How to succeed without knowing how to succeed

Nature achieves more than any human mind conceives. The powers of predictive models and reasoning are dwarfed by a system without a brain. Why? If we understand this, we can achieve such greatness in our teams, and in our codebases.

Here’s an abstraction. 3 components (and billions of years) take us from amino acids to human beings:
– Some level of random variation
– a way to recognize “better” and keep those variations around, and
– no real cost to the system when a variation is worse.

In nature, mutation is the variation, and natural selection keeps more of “better” around than “worse.” If a particular organism is less fit and dies, the system doesn’t care. That cost is minute, while the potential benefits of progress are large. Every generation is at least as fit as the one before. On and on.

In a reasonably free market, there’s all kinds of people jumping in, there’s competition to keep a “better” business around, and one company going under doesn’t bother the system. New entrants learn from successes before them. Growth.

There is no requirement that anybody predict what will succeed. Only a way to recognize success when it happens, and go with it. Costs of failure are borne by individuals, while success benefits the whole system.

We can set up these conditions. Methods based on MCMC for solving complicated problems totally use this. Take a problem too complex to solve explicitly, but with a way to calculate how good a particular solution is. Example: image recognition, building a model for a scene. Start with some guess (“there’s a tree in the middle”), generate an image from the model, compare with the real one. Tweak the model. Did it get better? Keep it. Did it get worse? probably discard that change and try again. [1] The result ratchets closer and closer to the real solution. The algorithm recognizes success and discards failure quickly. Discovery.
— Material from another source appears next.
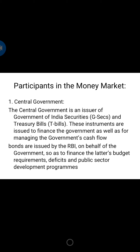Government securities are dated securities — those which have specific maturity and coupon payment dates embedded in the terms of issue, and are debt obligations of the central government. These bonds are issued by RBI on behalf of the government to finance budget requirements, deficits and public sector development programs. These bonds are issued throughout the financial year; the calendar of issuance is decided at the beginning of each half of the financial year. T-bills are short-term debt obligations of the central government; these are discounted instruments and may form part of budgetary borrowing or be issued for managing the government's cash flow.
These three examples show problems insoluble by reasoning or prediction, surmounted by recognizing success when it happens, repeatedly. Nature and the market use competition to recognize success, but that is not the only way. MCMC uses a calculation, comparing new results only to previous results. We can do the same when we have a single sample to optimize — one app or one team.

We can set up these conditions for code. At Etsy, there’s a monolithic PHP web app.[4] That doesn’t sound easy to keep reliable under change. Yet, they’ve got this figured out. Lots of developers are making changes, deploying 50x/day. Every feature includes monitoring that tells people whether it’s working, and whether it’s broken. This shows success. And if a deploy breaks something, people find out quickly. They can roll it back, or fix it, right away. Many changes; successes kept; failures mitigated. The app improves over time, with no grand scheme or Architect of Doom watching over it. Productivity.
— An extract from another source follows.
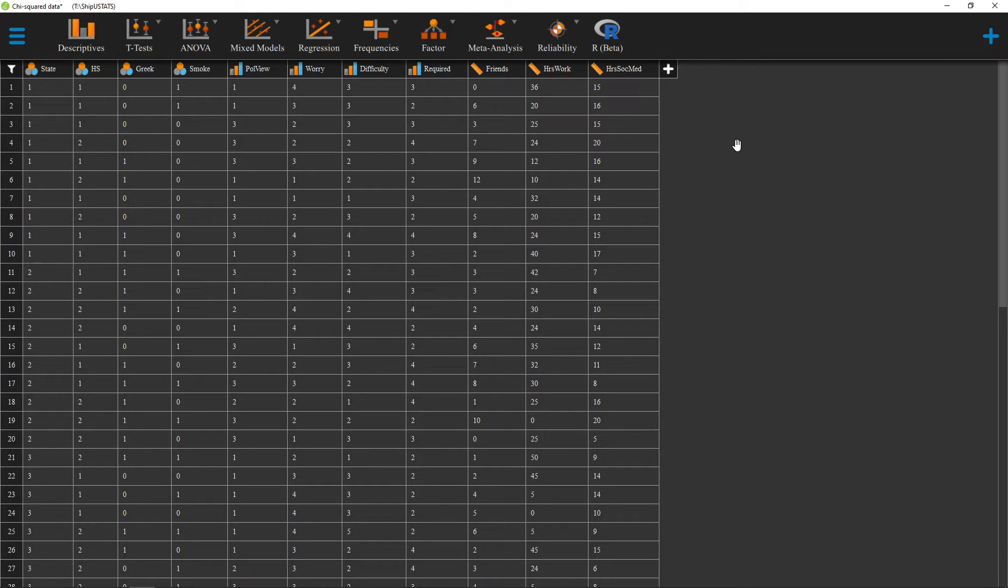Hello, and welcome to ShipUStats. In this video, we're going to go over how to create rain cloud plots in JASP.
There’s another element necessary when people are the ones making all the little changes. If failure has a high cost to the individual, then the incentive exists to hold still. But we need little variations net-nudging us toward success. Etsy has removed the cost of failure from the individual by keeping a blameless culture. They treat any outage as a learning opportunity for the whole company, and they do not punish the unfortunate developer whose deploy triggered it. There’s a safety there.

In the market, this safety is LLCs, where you can lose your business but keep your house. In nature or MCMC, the organism or parameter set doesn’t vary voluntarily, so no disincentive exists.

No project plan and organization chart can reach the potential of an agile team, when the team takes Linda Rising’s advice[2]. She said, every week in the retro, pick one thing to change about how the team works. Tweak it, try something new. If it doesn’t help, go back after a week. If it makes your team work better, keep it. Each week, the team is at least as good as the week before. Excellence.

The Romans didn’t develop their political system through a grand plan, according to Nassim Taleb in Antifragile. They did it by tinkering. Taleb calls the property of “Recognize success and win; discard failure and lose nothing” optionality. Combine optionality and randomness for unlimited success.[3]

What does this mean?

It means our apps don’t have to be beautifully architected if they’re well instrumented.

It means that the most important part of treating failure as a source of learning may well be removing failure as a source of persecution.

Removing fear of failure lets people try different ways of doing things. Metrics help recognize the right ones, the variations to keep. Monitoring and quick rollbacks make failures cheap at the system level. Maybe these 3 things, and time, are all we need to build complex software more useful than we can imagine.

[1] In MCMC, you sometimes keep a worse solution, with a probability based on how much worse. It gets you out of local optimums.
[2] Linda Rising’s closing keynote to GOTO Amsterdam 2014.
[3] This post comes out of this section in Antifragile. The book is annoying, but the ideas in it are crucial.
[4] Daniel Schauenberg’s presentation at GOTO Amsterdam 2014